Anomaly Detection
Data Modeling
The Anomaly Detection project aims to create an interactive dashboard using a month's worth of interaction logs from DocDigitizer's cognitive data extraction service.
The objective is to define normal interaction patterns and identify entries that deviate from these patterns. The model should extend its functionality to handle live data streams, detecting outliers, and generating alerts for instances of predicted heavy load.
Observation & Findings:
Data Conversion: The initial data preprocessing involves converting object data types to relevant data formats suitable for analysis.
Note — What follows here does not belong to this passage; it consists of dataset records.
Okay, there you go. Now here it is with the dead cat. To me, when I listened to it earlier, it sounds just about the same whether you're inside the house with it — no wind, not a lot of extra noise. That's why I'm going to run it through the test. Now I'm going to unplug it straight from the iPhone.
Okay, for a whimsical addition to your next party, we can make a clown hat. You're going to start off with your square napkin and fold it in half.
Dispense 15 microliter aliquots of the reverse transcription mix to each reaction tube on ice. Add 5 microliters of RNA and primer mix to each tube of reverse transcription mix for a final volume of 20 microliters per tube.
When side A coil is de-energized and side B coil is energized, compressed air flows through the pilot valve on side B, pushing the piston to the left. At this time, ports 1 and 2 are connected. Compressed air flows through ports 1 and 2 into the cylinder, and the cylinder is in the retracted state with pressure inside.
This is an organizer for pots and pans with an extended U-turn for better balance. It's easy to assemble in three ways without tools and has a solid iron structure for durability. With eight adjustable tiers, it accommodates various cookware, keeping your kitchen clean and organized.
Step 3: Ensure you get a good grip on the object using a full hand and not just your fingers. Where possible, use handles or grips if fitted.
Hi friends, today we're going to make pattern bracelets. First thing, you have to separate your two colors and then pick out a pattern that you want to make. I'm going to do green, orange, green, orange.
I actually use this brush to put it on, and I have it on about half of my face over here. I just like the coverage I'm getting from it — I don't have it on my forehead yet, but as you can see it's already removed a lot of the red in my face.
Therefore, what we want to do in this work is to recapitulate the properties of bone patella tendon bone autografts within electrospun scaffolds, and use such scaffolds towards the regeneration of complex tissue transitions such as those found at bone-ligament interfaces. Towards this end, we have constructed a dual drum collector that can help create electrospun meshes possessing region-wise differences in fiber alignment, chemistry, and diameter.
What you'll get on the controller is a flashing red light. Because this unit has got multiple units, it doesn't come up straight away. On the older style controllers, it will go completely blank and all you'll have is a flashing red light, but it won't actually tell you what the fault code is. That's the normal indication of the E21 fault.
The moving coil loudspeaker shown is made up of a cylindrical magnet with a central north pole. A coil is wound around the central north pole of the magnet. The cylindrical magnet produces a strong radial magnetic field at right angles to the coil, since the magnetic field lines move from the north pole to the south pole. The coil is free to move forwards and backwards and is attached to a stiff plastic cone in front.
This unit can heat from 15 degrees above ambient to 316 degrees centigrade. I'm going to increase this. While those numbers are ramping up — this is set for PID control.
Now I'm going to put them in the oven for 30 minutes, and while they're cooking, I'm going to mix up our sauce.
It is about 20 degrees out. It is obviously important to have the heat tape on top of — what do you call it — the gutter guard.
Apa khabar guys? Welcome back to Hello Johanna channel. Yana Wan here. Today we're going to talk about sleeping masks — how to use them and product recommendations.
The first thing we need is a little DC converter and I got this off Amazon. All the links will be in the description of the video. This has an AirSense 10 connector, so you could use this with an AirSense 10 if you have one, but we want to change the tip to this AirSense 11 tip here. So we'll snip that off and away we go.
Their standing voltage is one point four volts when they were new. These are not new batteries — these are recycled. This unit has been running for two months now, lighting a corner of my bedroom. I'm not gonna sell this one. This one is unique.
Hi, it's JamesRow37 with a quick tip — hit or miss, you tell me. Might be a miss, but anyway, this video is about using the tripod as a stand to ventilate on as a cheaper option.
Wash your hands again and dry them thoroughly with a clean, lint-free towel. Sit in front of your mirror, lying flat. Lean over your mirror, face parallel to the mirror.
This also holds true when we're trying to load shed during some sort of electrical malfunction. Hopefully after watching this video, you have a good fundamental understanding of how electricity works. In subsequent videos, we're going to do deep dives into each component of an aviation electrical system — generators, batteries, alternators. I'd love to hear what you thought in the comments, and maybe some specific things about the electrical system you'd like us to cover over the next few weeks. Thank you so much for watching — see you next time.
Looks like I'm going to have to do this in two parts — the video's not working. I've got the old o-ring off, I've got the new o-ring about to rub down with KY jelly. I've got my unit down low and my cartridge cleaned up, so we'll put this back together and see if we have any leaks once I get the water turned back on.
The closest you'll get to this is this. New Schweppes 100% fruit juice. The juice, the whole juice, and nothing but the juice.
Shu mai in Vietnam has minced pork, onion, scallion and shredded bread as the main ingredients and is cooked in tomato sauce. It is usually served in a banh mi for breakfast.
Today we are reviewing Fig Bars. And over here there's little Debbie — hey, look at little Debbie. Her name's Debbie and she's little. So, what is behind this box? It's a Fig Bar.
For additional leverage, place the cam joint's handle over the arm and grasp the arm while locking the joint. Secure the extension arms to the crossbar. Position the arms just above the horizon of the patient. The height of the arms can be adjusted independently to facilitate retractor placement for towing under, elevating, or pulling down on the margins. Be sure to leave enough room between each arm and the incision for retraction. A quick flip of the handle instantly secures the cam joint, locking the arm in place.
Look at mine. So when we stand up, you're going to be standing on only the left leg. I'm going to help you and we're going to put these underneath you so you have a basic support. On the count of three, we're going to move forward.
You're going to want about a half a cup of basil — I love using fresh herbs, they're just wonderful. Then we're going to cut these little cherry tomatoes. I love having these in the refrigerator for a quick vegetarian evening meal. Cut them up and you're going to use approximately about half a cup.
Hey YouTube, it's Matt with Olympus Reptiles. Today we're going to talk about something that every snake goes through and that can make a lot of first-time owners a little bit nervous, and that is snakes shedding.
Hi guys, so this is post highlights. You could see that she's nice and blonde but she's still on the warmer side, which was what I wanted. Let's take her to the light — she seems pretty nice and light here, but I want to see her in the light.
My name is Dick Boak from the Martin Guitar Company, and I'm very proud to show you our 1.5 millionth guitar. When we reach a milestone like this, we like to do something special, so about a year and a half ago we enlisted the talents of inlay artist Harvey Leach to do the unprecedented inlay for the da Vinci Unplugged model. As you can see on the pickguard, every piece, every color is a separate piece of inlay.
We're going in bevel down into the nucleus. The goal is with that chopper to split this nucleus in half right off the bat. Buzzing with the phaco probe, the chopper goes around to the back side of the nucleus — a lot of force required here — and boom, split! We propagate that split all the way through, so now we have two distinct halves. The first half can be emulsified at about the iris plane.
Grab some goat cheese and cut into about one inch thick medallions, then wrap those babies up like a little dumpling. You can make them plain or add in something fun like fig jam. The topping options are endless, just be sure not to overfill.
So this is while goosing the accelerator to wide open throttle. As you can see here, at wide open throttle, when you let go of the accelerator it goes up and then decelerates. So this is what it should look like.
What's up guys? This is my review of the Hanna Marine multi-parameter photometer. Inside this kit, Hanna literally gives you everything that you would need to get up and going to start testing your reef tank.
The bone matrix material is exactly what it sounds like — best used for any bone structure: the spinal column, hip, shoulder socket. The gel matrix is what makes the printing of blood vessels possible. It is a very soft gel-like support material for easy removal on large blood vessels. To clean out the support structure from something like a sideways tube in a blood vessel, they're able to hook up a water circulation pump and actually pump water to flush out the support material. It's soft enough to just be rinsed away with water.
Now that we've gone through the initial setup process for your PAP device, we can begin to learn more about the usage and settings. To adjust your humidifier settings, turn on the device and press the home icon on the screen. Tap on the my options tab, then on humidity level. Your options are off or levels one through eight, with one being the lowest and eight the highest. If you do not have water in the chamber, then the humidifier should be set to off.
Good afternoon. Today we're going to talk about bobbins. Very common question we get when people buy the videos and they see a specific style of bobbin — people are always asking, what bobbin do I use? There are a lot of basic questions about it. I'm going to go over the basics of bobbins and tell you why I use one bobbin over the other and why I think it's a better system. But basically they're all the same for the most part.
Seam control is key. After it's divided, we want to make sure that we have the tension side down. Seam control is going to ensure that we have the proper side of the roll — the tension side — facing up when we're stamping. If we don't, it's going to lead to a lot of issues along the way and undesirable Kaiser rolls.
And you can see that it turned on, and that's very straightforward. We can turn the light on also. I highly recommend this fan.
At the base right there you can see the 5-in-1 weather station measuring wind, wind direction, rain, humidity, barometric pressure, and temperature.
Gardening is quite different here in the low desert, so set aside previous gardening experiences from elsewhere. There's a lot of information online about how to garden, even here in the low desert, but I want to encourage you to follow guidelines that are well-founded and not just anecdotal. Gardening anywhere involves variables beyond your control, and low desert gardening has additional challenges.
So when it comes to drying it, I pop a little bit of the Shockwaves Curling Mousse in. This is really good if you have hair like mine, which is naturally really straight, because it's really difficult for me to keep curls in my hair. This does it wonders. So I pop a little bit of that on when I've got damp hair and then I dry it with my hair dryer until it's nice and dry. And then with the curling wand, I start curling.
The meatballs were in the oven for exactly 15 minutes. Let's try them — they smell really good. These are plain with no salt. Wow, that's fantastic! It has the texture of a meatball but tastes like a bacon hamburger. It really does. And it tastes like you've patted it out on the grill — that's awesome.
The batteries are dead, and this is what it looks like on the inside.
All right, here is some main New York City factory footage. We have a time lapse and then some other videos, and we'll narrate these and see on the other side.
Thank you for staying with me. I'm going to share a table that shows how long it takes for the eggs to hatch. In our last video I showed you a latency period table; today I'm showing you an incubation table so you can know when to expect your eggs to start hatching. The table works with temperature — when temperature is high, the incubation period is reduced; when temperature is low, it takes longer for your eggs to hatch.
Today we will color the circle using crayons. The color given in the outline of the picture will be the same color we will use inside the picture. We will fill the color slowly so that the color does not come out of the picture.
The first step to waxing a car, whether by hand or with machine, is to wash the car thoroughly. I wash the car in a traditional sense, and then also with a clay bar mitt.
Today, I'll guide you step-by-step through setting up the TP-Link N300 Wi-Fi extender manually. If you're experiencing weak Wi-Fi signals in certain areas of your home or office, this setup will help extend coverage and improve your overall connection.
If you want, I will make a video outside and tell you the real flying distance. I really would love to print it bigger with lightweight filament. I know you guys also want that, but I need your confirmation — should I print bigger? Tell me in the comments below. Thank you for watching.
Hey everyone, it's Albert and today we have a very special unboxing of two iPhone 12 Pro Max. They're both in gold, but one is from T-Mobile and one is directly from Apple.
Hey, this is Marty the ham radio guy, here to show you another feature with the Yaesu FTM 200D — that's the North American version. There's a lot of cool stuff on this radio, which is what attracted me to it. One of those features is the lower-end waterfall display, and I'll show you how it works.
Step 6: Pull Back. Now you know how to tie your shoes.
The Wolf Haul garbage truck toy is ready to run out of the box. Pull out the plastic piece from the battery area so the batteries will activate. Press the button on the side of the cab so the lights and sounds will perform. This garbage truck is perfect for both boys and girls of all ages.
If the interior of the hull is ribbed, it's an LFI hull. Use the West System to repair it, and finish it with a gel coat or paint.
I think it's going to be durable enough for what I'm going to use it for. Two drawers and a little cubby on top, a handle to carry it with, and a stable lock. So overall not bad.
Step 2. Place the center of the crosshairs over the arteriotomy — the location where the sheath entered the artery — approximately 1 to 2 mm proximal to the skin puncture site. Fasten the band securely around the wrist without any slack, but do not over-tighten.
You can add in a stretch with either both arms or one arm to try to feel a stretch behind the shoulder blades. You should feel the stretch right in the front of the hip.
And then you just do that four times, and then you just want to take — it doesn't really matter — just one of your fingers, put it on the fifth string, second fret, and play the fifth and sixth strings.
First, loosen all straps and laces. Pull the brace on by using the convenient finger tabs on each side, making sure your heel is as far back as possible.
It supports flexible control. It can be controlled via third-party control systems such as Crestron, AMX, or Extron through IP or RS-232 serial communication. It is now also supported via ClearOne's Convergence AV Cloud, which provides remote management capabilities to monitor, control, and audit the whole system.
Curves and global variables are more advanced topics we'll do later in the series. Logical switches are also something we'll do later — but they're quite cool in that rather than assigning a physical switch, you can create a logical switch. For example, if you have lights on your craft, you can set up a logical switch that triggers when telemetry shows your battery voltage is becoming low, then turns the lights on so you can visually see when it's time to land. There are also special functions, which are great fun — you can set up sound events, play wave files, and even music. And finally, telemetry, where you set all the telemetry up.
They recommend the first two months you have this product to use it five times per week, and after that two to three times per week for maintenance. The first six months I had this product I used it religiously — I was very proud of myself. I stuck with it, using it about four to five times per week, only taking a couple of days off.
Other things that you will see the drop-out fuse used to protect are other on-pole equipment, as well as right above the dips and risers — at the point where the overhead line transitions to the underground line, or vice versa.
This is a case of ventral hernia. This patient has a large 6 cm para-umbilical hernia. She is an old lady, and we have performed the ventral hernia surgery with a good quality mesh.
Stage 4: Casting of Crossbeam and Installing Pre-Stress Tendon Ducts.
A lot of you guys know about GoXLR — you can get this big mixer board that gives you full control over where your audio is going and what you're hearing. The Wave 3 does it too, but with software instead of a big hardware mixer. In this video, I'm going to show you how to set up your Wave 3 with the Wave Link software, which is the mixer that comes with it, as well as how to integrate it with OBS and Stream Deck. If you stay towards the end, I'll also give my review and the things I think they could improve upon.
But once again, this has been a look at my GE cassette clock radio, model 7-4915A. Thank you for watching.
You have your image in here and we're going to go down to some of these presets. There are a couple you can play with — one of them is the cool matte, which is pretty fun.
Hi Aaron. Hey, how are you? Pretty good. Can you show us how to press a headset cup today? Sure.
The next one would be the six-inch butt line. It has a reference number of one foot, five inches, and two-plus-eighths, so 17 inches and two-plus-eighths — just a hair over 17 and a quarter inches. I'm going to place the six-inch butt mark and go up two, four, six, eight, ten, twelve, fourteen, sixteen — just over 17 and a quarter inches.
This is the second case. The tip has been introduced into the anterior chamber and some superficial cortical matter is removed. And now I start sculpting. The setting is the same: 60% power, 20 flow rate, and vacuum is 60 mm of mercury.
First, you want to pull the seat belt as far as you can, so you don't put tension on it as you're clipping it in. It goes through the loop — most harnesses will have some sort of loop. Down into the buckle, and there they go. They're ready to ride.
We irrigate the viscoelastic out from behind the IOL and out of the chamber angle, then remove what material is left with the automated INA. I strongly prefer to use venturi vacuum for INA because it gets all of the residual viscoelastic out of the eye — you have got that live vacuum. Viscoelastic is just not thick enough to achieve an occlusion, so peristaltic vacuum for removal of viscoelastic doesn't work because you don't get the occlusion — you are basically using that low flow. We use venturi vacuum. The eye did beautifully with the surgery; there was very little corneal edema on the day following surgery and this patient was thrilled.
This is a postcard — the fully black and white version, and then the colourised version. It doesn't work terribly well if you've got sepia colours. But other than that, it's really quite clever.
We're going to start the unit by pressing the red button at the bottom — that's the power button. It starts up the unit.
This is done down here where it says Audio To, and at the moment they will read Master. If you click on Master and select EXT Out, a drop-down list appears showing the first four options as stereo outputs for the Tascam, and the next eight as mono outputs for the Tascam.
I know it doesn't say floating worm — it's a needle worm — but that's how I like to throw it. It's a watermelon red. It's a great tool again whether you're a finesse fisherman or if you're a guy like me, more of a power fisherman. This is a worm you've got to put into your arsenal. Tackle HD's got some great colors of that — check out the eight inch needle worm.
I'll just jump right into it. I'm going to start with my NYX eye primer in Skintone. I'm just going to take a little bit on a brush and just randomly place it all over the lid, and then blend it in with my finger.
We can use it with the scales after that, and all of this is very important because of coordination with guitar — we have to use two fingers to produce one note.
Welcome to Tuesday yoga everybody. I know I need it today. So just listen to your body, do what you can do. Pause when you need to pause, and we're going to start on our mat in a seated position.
Columns like 'Time Stamp,' 'Timestamp Request,' and 'Timestamp Response' are converted to datetime objects.
Data Cleaning: Handling missing values involved dropping rows with null values in specific columns such as 'Timestamp Request' and 'Timestamp Response.' Other columns like 'Source IP,' 'HTTP Auth,' 'HTTP Auth Hash,' 'Resource,' 'Organization,' 'App,' 'User,' and 'Entity' had significant missing values which were filled with appropriate placeholders or default values.
Feature Engineering: A new column 'Response Time' was created by calculating the time taken for a request to receive a response. Additionally, columns like 'Resource Class' and 'Resource Method' were dropped due to having identical values to the 'Resource' column.
Exploratory Data Analysis (EDA): Initial analysis includes visualizing the count of records on a daily basis, revealing a significant drop in requests between December 8th and 11th. A box plot visualized the distribution of response times, indicating outliers beyond 12 seconds.
Company ID Mapping: The unique Organization IDs were mapped to convenience names ('Company 1', 'Company 2', etc.) for ease of analysis and interpretation.
Response Time Trends: A line plot was generated to illustrate the trends in response times over time, aiming to detect any patterns or anomalies in the data.